Harnessing Your Staff's Informal Networks - Harvard Business Review: "Harnessing Your Staff’s Informal Networks"
If your smartest employees are getting together to solve problems and develop new ideas on their own, the best thing to do is to stay out of their way, right? Workers can easily share insights electronically, and they often don’t want or appreciate executive oversight. Well, think again. Though in-house networks of experts—or “communities of practice”—were once entirely unofficial, today they are increasingly integrated into companies’ formal management structures.
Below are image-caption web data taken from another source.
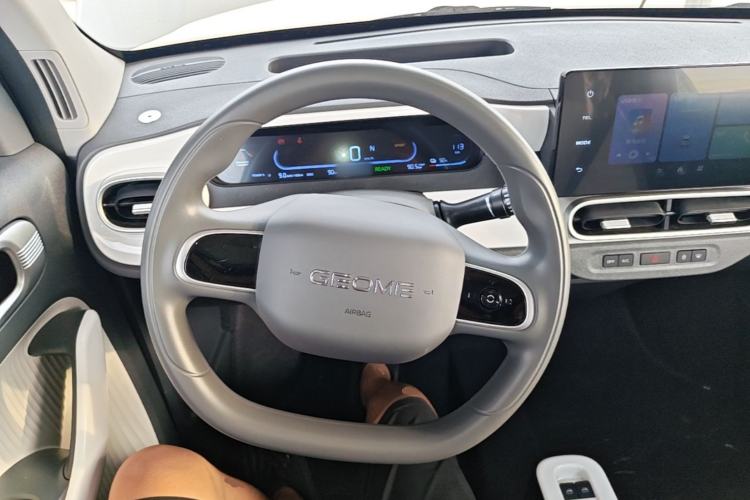Used Geely Galaxy Panda 2025 210 km – Yuanqi Bear Steering Wheel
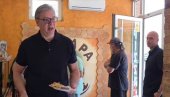 POSLE KINE, KRENUO U NAROD: Predsednik Vučić svratio na burek u Crepaju, pa nastavlja u obećanu posetu Banatu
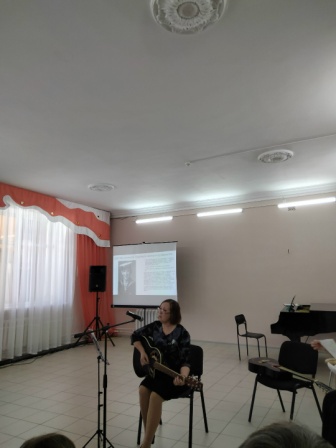 С юбилеем, Бард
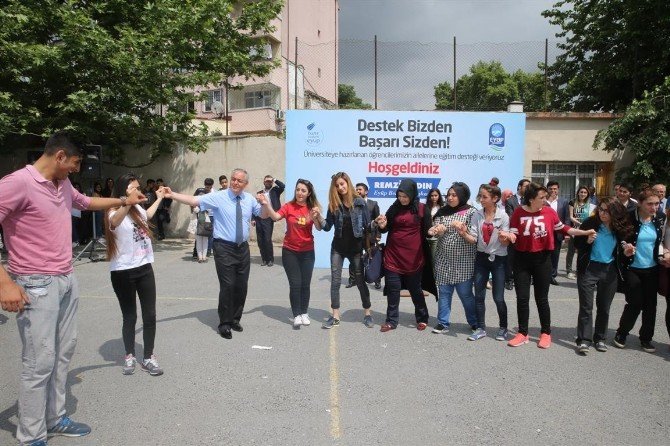 Eyüp’te okullar boyanıyor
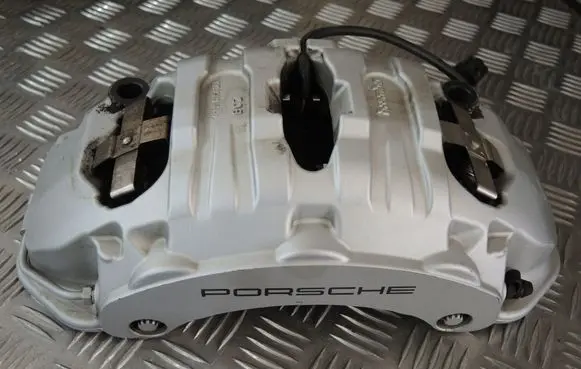 Porsche Cayenne (92A) Rear brake caliper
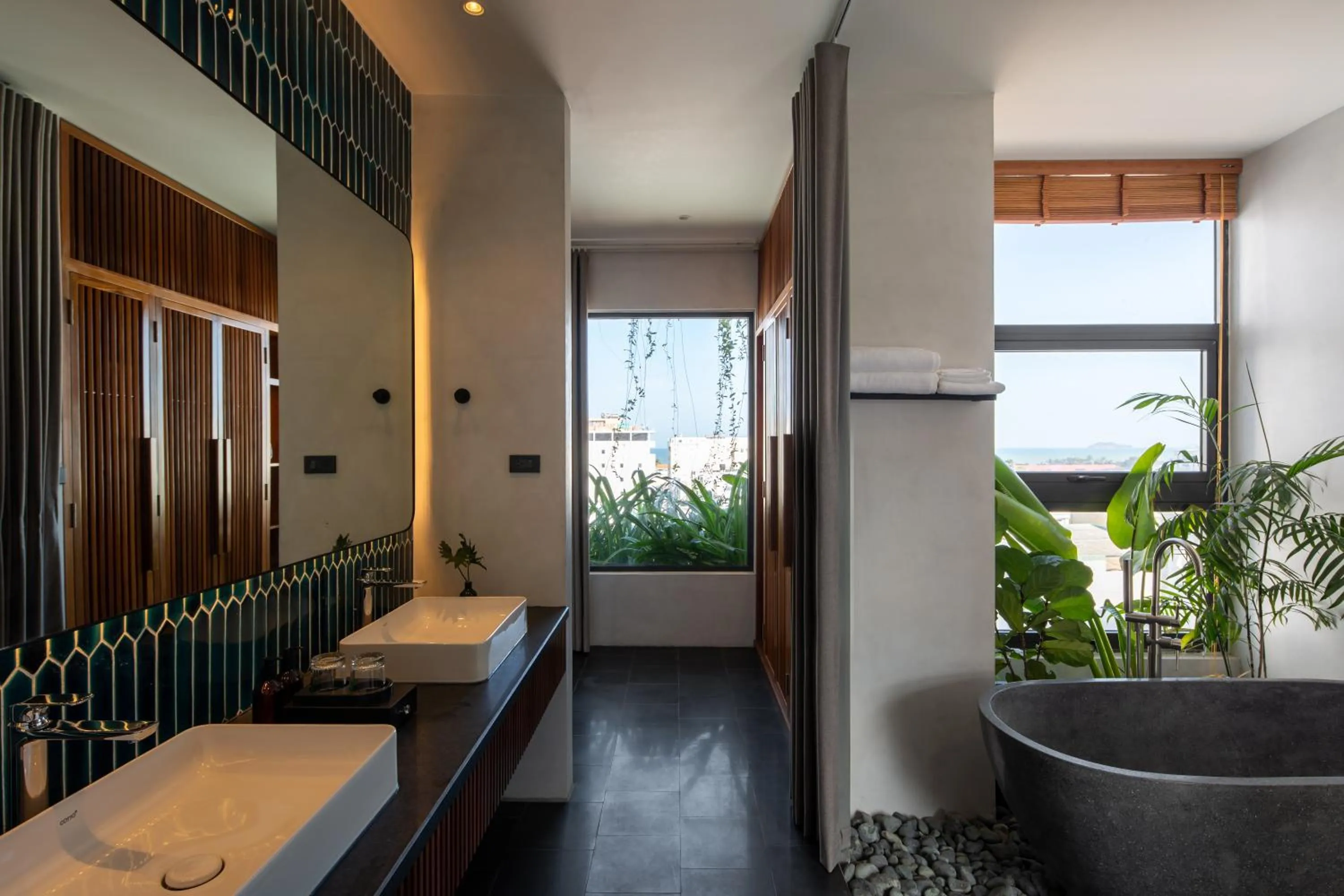 Shower in Le Mint Hotel Quy Nhơn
Independent, off-the-grid communities have proliferated in recent years, and many companies have counted on them to deliver creative solutions to challenges that bridge functional gaps. But in the past few years, outside forces—technological advances, globalization, increased demands on employees’ time—have begun to undermine communities’ success. Consider the rise and fall of an informal group of experts at a large water-engineering company located just outside London. Starting in the early 1990s, they began meeting weekly to discuss strategies for designing new water-treatment facilities. The gatherings were so lively and informative that they actually drew crowds of onlookers. (The company can’t be named for reasons of confidentiality.)
The community initially thrived because it operated so informally. United by a common professional passion, participants would huddle around conference tables and compare data, trade insights, and argue over which designs would work best with local water systems. And the community achieved results: Participants found ways to significantly cut the time and cost involved in system design by increasing the pool of experience that they could draw upon, tapping insights from different disciplines, and recycling design ideas from other projects.
Too much attention from management, went the thinking, would crush the group’s collaborative nature. But the very informality of this community eventually rendered it obsolete. What happened to it was typical: The members gained access to more sophisticated design tools and to vast amounts of data via the internet. Increased global connectivity drew more people into the community and into individual projects. Soon the engineers were spending more time at their desks, gathering and organizing data, sorting through multiple versions of designs, and managing remote contacts. The community started to feel less intimate, and its members, less obligated to their peers. Swamped, the engineers found it difficult to justify time for voluntary meetings. Today the community in effect has dissolved—along with the hopes that it would continue generating high-impact ideas.
Our research has shown that many other communities failed for similar reasons. Nevertheless, communities of practice aren’t dead. Many are thriving—you’ll find them developing global processes, resolving troubled implementation, and guiding operational efforts. But they differ from their forebears in some important respects. Today they’re an actively managed part of the organization, with specific goals, explicit accountability, and clear executive oversight. To get experts to dedicate time to them, companies have to make sure that communities contribute meaningfully to the organization and operate efficiently.
We’ve observed this shift in our consulting work and in our research. This research was conducted with the Knowledge and Innovation Network at Warwick Business School and funded by the Warwick Innovative Manufacturing Research Centre and by Schlumberger, an oil-field services company. To examine the health and impact of communities, we did a quantitative study of 52 communities in 10 industries, and a qualitative assessment of more than 140 communities in a dozen organizations, consisting of interviews with support staff, leaders, community members, and senior management.
The communities at construction and engineering giant Fluor illustrate the extent of the change. Global communities have replaced the company’s distributed functional structure. While project teams remain the primary organizational unit, 44 discipline- and industry-focused communities, with 24,000 active members, support the teams. The communities provide all functional services—creating guidelines for work practices and procedures; publishing technical documents; and offering career development, access to expert advice, and help with technical questions. They are the first and best source for technical knowledge at Fluor.
Here’s one example of how this works: Not long ago, a Fluor nuclear-cleanup project team had to install a soil barrier over a drainage field once used to dispose of radioactive wastewater. But environmental regulators mandated that Fluor first locate and seal a 30-year-old well, now covered over, to prevent contamination of the groundwater table. Poor historical data made it impossible to tell if the well really existed, and ground-penetrating radar also failed to discover it. Simply removing the contaminated soil to find the well would have been costly and risky for workers.